• **Data shown**:
——————————
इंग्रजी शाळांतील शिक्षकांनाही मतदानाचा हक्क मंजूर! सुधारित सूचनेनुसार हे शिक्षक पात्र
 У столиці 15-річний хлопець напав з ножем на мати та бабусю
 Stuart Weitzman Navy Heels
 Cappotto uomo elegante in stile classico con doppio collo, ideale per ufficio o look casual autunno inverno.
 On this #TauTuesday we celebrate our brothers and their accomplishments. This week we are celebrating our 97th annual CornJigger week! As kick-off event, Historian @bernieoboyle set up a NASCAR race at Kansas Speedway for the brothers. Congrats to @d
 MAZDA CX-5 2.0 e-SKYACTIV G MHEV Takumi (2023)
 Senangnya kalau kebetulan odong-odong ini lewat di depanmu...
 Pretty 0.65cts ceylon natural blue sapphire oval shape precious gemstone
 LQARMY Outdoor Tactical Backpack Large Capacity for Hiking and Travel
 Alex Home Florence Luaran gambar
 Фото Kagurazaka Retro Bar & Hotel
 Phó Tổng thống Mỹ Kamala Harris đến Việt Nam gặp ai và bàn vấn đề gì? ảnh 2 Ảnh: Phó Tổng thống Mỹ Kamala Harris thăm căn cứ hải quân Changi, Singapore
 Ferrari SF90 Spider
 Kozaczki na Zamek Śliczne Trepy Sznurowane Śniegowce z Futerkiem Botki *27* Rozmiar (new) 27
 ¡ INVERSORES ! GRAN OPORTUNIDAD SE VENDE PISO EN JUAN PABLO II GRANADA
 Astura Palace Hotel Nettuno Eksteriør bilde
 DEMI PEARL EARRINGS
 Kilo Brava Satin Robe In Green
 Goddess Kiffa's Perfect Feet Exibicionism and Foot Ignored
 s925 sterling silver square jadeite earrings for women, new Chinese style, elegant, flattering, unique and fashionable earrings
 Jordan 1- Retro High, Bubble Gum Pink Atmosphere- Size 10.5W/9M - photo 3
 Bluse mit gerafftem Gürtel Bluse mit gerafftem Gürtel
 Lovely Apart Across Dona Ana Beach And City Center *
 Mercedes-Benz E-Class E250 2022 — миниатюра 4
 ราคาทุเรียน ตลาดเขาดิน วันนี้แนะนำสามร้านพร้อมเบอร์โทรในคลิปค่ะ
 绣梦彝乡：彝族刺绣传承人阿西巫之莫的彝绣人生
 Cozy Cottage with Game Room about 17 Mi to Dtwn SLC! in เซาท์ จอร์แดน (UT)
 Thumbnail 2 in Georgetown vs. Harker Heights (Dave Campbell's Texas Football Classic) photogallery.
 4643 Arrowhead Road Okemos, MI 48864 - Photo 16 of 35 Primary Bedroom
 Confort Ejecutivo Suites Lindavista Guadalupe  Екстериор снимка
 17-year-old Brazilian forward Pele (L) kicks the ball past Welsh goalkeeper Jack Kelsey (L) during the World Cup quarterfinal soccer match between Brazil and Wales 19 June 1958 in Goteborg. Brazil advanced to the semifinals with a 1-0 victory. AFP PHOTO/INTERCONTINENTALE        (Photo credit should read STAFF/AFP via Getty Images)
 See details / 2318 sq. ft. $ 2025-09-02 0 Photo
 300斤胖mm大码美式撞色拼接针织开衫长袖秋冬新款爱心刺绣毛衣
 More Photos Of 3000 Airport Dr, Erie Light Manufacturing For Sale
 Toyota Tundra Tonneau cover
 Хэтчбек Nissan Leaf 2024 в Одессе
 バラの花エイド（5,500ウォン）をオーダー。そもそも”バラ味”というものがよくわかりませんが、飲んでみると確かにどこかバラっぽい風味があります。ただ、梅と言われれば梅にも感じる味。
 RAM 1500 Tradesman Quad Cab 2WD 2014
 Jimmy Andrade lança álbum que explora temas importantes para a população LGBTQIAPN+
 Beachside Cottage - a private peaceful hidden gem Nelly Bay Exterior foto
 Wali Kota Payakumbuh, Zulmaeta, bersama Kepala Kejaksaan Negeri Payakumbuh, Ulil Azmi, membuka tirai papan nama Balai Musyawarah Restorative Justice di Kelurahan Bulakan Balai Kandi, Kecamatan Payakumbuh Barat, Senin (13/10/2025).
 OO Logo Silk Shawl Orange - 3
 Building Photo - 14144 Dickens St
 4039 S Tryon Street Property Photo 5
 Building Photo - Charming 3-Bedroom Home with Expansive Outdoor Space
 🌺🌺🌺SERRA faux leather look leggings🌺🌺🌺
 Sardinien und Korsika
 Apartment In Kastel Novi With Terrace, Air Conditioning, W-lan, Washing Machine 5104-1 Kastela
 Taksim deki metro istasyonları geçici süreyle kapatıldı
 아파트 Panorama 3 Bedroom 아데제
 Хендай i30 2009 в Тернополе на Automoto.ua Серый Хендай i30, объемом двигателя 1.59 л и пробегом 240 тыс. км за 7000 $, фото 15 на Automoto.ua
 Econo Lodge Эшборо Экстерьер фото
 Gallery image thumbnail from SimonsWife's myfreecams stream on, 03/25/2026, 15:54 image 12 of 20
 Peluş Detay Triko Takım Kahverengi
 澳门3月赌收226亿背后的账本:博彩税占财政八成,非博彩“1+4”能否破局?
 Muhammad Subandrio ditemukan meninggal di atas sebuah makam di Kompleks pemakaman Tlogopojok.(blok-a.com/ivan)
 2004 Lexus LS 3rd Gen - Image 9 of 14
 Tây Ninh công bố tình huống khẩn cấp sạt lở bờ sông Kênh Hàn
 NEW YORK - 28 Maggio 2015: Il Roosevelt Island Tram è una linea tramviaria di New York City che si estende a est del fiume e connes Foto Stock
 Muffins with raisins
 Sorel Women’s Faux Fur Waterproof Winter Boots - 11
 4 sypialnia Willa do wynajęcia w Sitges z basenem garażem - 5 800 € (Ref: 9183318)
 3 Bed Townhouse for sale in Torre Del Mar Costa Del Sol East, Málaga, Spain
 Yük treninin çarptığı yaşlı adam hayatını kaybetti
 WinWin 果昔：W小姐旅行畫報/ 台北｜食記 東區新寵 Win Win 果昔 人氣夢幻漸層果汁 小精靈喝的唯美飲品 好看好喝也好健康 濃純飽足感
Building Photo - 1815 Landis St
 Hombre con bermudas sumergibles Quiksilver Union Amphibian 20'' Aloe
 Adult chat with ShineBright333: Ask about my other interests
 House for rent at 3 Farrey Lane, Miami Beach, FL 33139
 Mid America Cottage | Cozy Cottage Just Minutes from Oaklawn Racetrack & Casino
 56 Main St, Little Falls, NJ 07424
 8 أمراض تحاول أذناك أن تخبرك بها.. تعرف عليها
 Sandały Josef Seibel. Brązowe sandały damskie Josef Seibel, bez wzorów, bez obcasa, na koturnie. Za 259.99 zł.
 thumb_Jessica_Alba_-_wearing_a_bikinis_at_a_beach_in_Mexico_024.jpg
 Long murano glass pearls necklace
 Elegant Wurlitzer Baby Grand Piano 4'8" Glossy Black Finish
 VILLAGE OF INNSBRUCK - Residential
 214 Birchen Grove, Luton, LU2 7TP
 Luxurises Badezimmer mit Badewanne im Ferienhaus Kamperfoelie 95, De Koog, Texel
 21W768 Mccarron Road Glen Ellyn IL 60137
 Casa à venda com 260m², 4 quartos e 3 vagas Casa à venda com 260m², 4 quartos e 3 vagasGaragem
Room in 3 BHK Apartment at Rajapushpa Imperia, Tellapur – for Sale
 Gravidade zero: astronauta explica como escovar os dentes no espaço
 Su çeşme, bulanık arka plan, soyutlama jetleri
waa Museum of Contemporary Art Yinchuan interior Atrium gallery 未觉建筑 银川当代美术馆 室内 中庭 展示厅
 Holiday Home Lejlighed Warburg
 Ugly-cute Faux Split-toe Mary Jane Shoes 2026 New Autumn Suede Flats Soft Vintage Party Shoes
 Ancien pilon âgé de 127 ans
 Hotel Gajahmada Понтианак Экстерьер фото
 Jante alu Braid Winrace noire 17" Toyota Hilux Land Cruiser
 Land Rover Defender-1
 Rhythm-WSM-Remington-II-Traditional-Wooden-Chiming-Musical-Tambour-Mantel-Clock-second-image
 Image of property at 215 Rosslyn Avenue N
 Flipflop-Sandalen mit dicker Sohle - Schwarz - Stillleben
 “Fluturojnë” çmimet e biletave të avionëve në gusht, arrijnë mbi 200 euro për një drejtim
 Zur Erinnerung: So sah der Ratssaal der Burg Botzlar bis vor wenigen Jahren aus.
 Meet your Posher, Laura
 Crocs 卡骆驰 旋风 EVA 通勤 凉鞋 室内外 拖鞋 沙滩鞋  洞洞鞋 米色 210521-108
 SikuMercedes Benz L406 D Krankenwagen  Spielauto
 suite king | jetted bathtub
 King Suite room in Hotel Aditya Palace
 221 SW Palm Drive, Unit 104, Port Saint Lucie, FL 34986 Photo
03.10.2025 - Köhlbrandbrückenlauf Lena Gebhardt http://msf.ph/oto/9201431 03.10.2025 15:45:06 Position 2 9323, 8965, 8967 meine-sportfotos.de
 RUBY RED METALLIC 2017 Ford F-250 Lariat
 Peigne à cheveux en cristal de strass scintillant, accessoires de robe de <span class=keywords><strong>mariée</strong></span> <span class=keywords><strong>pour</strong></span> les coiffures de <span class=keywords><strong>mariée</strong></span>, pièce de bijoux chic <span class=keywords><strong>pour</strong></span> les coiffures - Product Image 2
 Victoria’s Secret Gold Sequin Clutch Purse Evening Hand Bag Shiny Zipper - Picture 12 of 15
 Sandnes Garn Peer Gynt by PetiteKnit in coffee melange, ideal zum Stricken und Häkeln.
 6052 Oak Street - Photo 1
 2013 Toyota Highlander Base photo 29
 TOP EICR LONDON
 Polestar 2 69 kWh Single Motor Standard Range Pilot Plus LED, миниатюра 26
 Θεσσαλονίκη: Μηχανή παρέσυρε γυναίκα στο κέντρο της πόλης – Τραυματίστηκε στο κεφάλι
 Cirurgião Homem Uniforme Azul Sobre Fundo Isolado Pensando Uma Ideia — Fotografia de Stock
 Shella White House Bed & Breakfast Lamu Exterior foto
——————————
• **Your instructions**:
Copy verbatim, from the listing above, each line from the one containing "Adult chat with" down to the one containing "8 أمراض تحاول", inclusive.

• **Result of this exercise**:
 Adult chat with ShineBright333: Ask about my other interests
 House for rent at 3 Farrey Lane, Miami Beach, FL 33139
 Mid America Cottage | Cozy Cottage Just Minutes from Oaklawn Racetrack & Casino
 56 Main St, Little Falls, NJ 07424
 8 أمراض تحاول أذناك أن تخبرك بها.. تعرف عليها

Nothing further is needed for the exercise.